Comment by KaiserPro
Same explanation but with less mysticism:
Inference is (mostly) stateless. So unlike training where you need to have memory coherence over something like 100k machines and somehow avoid the certainty of machine failure, you just need to route mostly small amounts of data to a bunch of big machines.
I don't know what the specs of their inference machines are, but where I worked the machines research used were all 8gpu monsters. so long as your model fitted in (combined) vram, you could job was a goodun.
To scale the secret ingredient was industrial amounts of cash. Sure we had DGXs (fun fact, nvidia sent literal gold plated DGX machines) but they wernt dense, and were very expensive.

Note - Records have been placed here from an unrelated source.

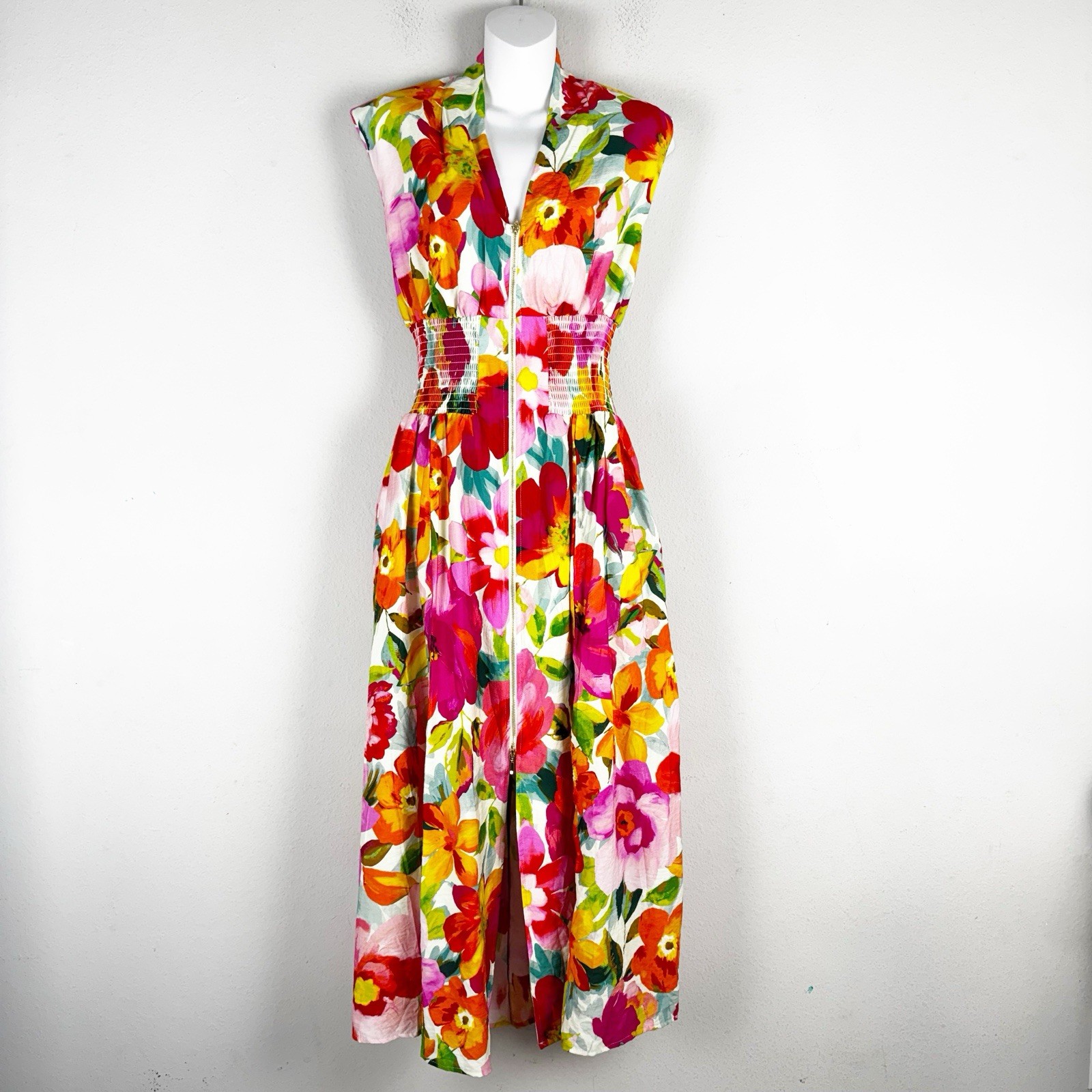 Fate Women's Floral Zip Front Sleeveless Midi Dress Size S Multi Color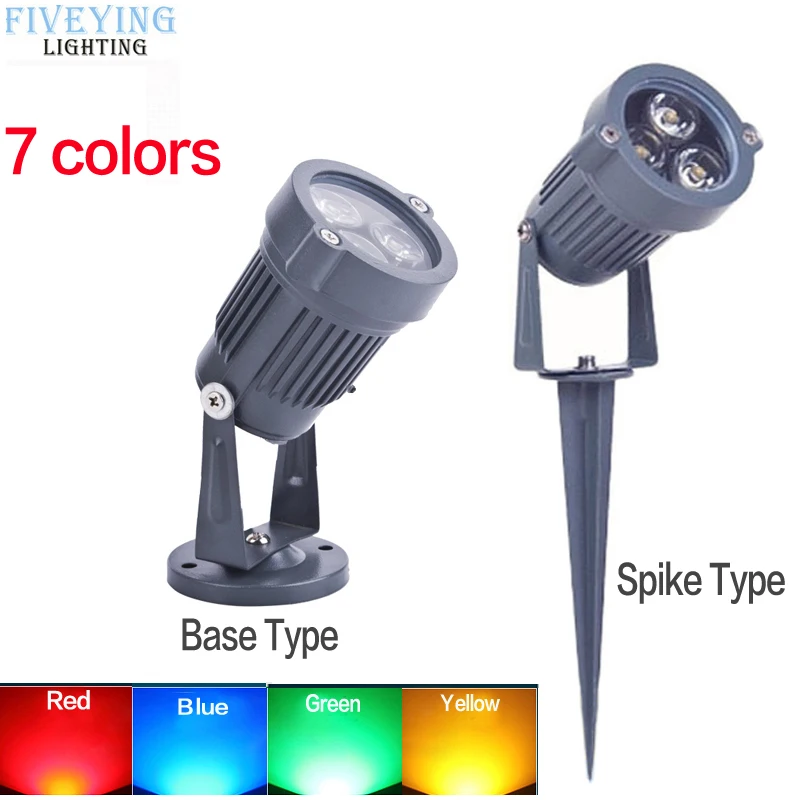 Водонепроницаемый 12В Светодиодный прожектор для лужайки 3 Вт 9 садовый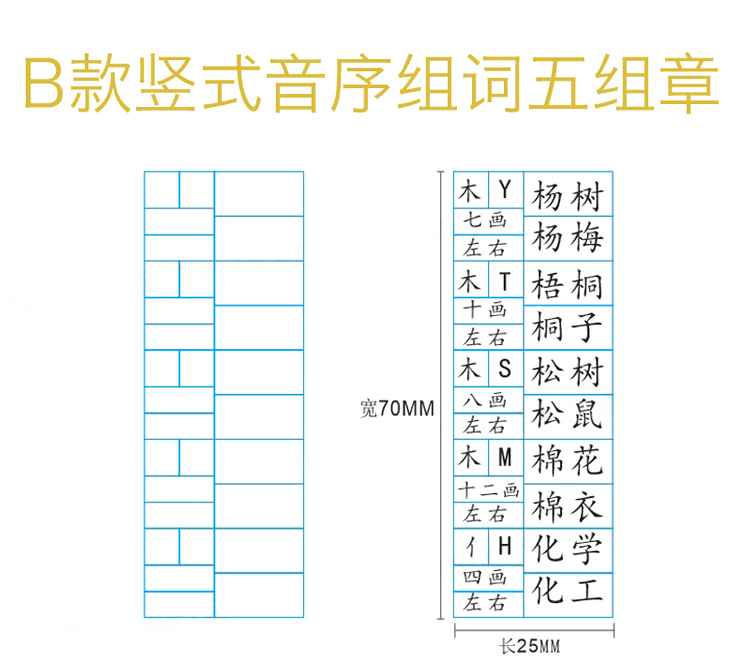 小学生语文预习印章拼音田字格音序笔画结构笔顺多音字组词学习章-图0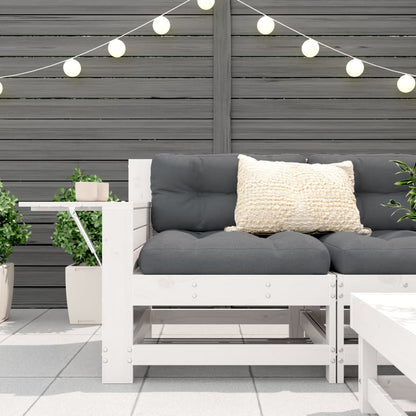 White Pine Garden Sofa with Cushion - Solid Wood Armrest Delight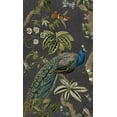 thumbnail image 2 of Charcoal Climbing Peacock & Climbing Florals Tropical Wallpaper, 2 of 4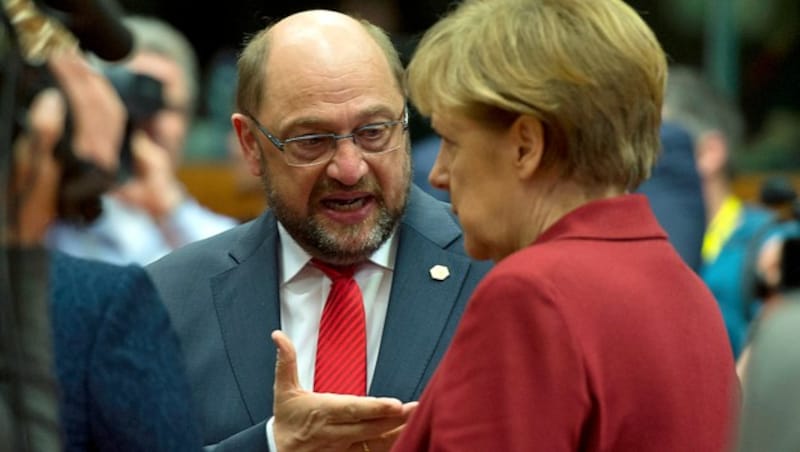 Martin Schulz, Angela Merkel (Bild: AFP)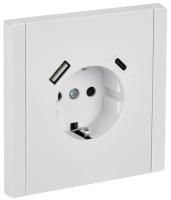 Фортепиано белый розетка скрытая 1-мест заземление шторки USB IP20 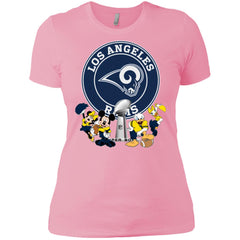 Nfl – Los Angeles Rams Super Bowl 2019 Mickey Mouse Minnie Mouse Donald Duck Daisy Duck Football Women Cotton T-Shirt Women Cotton T-Shirt - parenttees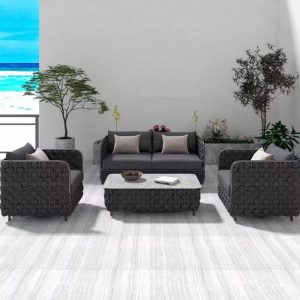 Schwarze wasserdichte Alloy-Loveseat für 2 Personen, trendy mit Kissen und Polster, Loveseat
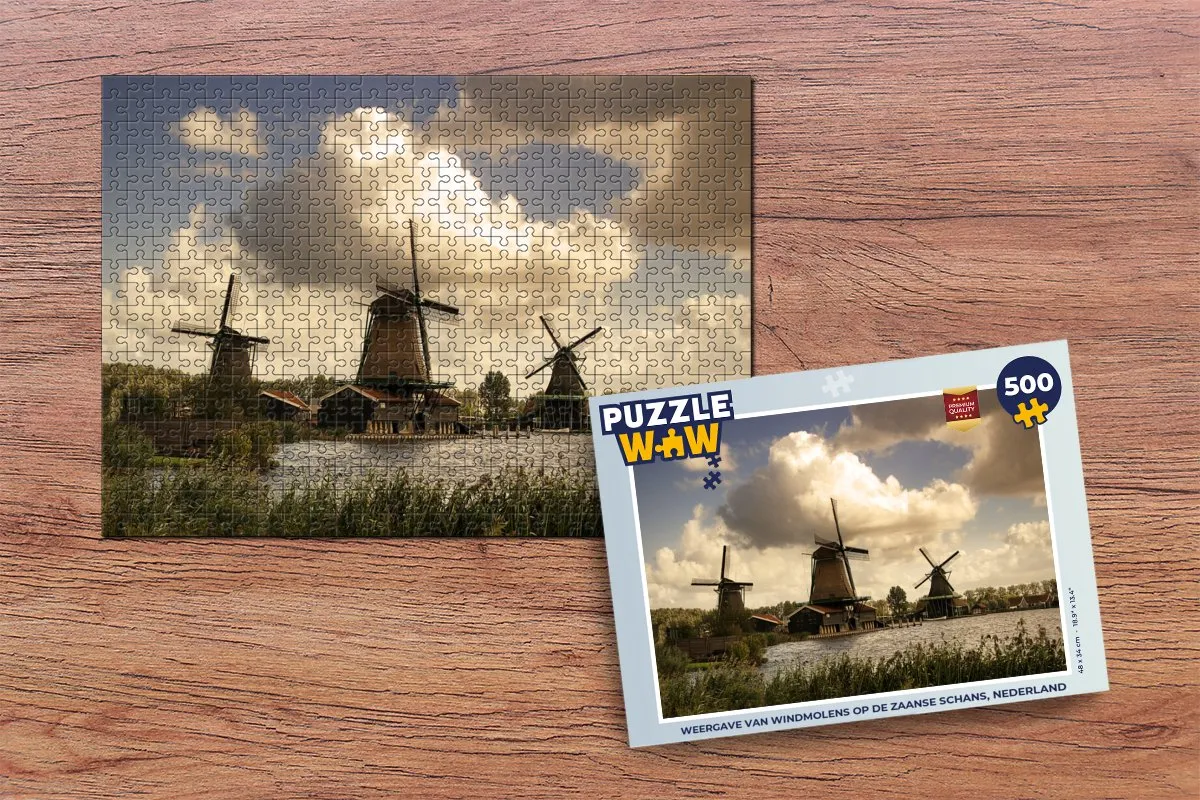 PuzzleWow Legpuzzel Zaanse Schans Windmolens 500 Stuks - Multicolor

Most large companies have robust RPC, and orchestration, which means the hard part isn't routing the message, its making the model fit in the boxes you have. (thats not my area of expertise though)
> Inference is (mostly) stateless. ... you just need to route mostly small amounts of data to a bunch of big machines.
I think this might just be the key insight. The key advantage of doing batched inference at a huge scale is that once you maximize parallelism and sharding, your model parameters and the memory bandwidth associated with them are essentially free (since at any given moment they're being shared among a huge amount of requests!), you "only" pay for the request-specific raw compute and the memory storage+bandwidth for the activations. And the proprietary models are now huge, highly-quantized extreme-MoE models where the former factor (model size) is huge and the latter (request-specific compute) has been correspondingly minimized - and where it hasn't, you're definitely paying "pro" pricing for it. I think this goes a long way towards explaining how inference at scale can work better than locally.
(There are "tricks" you could do locally to try and compete with this setup, such as storing model parameters on disk and accessing them via mmap, at least when doing token gen on CPU. But of course you're paying for that with increased latency, which you may or may not be okay with in that context.)